= Upstate Citizens for Equality =

American citizens' rights group

Upstate Citizens for Equality (UCE) was a citizens' rights group based in Verona, New York, that opposed Oneida Indian Nation (OIN) land claims, the Turning Stone Resort Casino, the OIN's application to the US Interior Department to place 13000 acre into federal trust, OIN sovereignty, and what it viewed as flawed federal Indian policy. The group organized protests at the OIN's gas stations and casino condemning OIN's sovereign status and unique relationship with the US government and New York State.

==Legal actions==
UCE and some individual members filed several legal actions to further UCE's goals, including several failed challenges to the OIN's land claim. UCE challenged the validity of the 1993 tribal-state gaming compact between the Oneidas and New York State that Turning Stone Casino & Resort operates under. UCE and some individual members also challenged the OIN's application to have land taken into trust under the Indian Reorganization Act of 1934. Judge Kahn dismissed UCE's complaints, including the failed theory that the IRA is unconstitutional, on the basis of longstanding and settled law on this issue. UCE appealed the dismissal to the US Second Circuit Court of Appeals, where the decision was affirmed.

==Criticism==
It has been reported that every Native Nation located in the vicinity of New York State and other tribes represented by the United South and Eastern Tribes (USET) views UCE as an anti-Indian hate group.
The article was published in Indian Country, which is now owned by the OIN. Though, the OIN condemned UCE long before purchasing the paper. The OIN had the most contact with this organization. The OIN were critical of UCE and its members. USET currently, and at the time of the adoption of this resolution was led by a representative of the Oneida Indian Nation of New York elected by the 24 Native Nation representatives. UCE countered that the OIN lodged accusations of racism in order to stifle the voice of those who oppose its policies. Non-Indians also charged UCE members as being a group of racists. UCE denied such accusations, despite its stated purpose.

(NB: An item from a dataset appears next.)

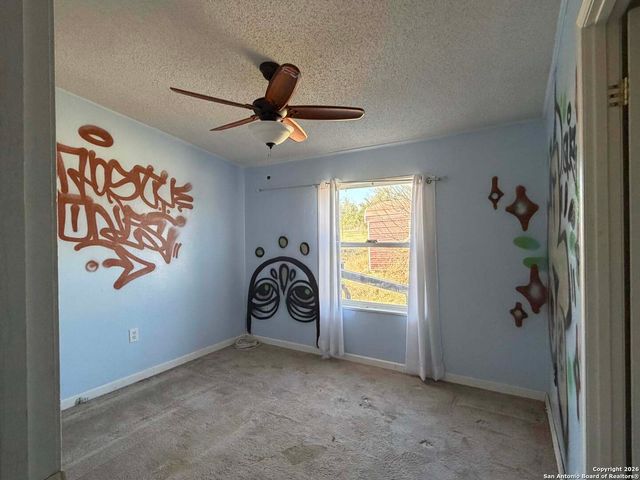 3336 Fm 1101, New Braunfels, TX 78130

In December 2006, UCE President David Vickers made a comment while speaking on a Syracuse, NY radio program that sparked allegations of racism. Mr. Vickers and WSYR talk show host Jim Reith were discussing the U.S. Supreme Court's refusal to hear an appeal from the New York State Court Appeals in Peterman v Pataki. The following is a snippet of the dialog that transpired during that show:

"We'll have to follow the legal channels," Vickers said. "We live in a modern society. These people can't be shot, so we have to try to do what we can legally."

Reith interrupted, "Not that you would want them shot."

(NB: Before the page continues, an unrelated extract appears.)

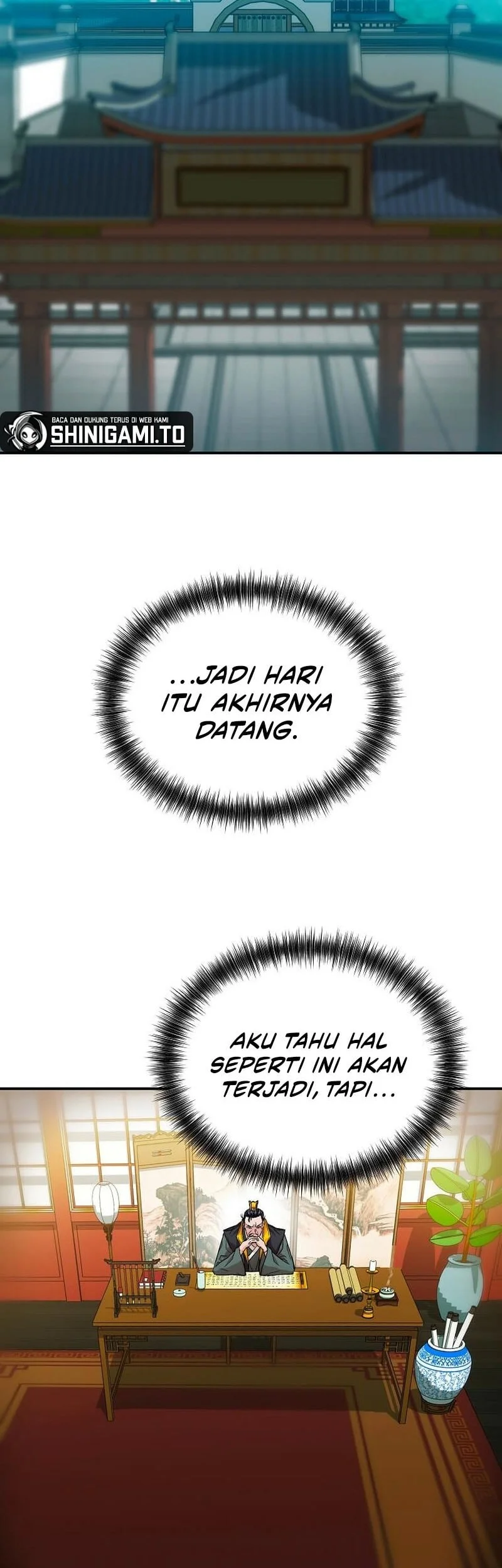 Chapter 2 - halaman 82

"No, of course not," Vickers said. "But the kind of lawlessness that's taking place is absurd, and previous generations would not have tolerated their leadership doing things like this."

The National Congress of American Indians, which is made up of elected representatives of the overwhelming majority of Indian tribes, also condemned the UCE as a racist hate group; comparing UCE members to David Duke.

Gone is the obvious snarl of yesteryear; and no one wants to be too quick with accusations of racism, but is perhaps now the noose simply hiding behind a smile of civility and the claim of "nothing personal?" Ever since David Duke replaced his white robes for the legitimate veneer of suit and tie, organizations taking aim at peoples of color have become increasingly sophisticated. They are now much more cleverly attuned to image and language.

It may not be racist in the sense of a KKK mob burning your house and lynching your men, but the clear outright call for the eradication of all the rights your ancestors retained for you, of everything that gives you identity and legal recognition, everything that gives your children and future generations an opportunity at economic justice in America, this is clearly a hostile intention, directed specifically at the destruction of Indian governments and, therefore, at the very existence of our peoples.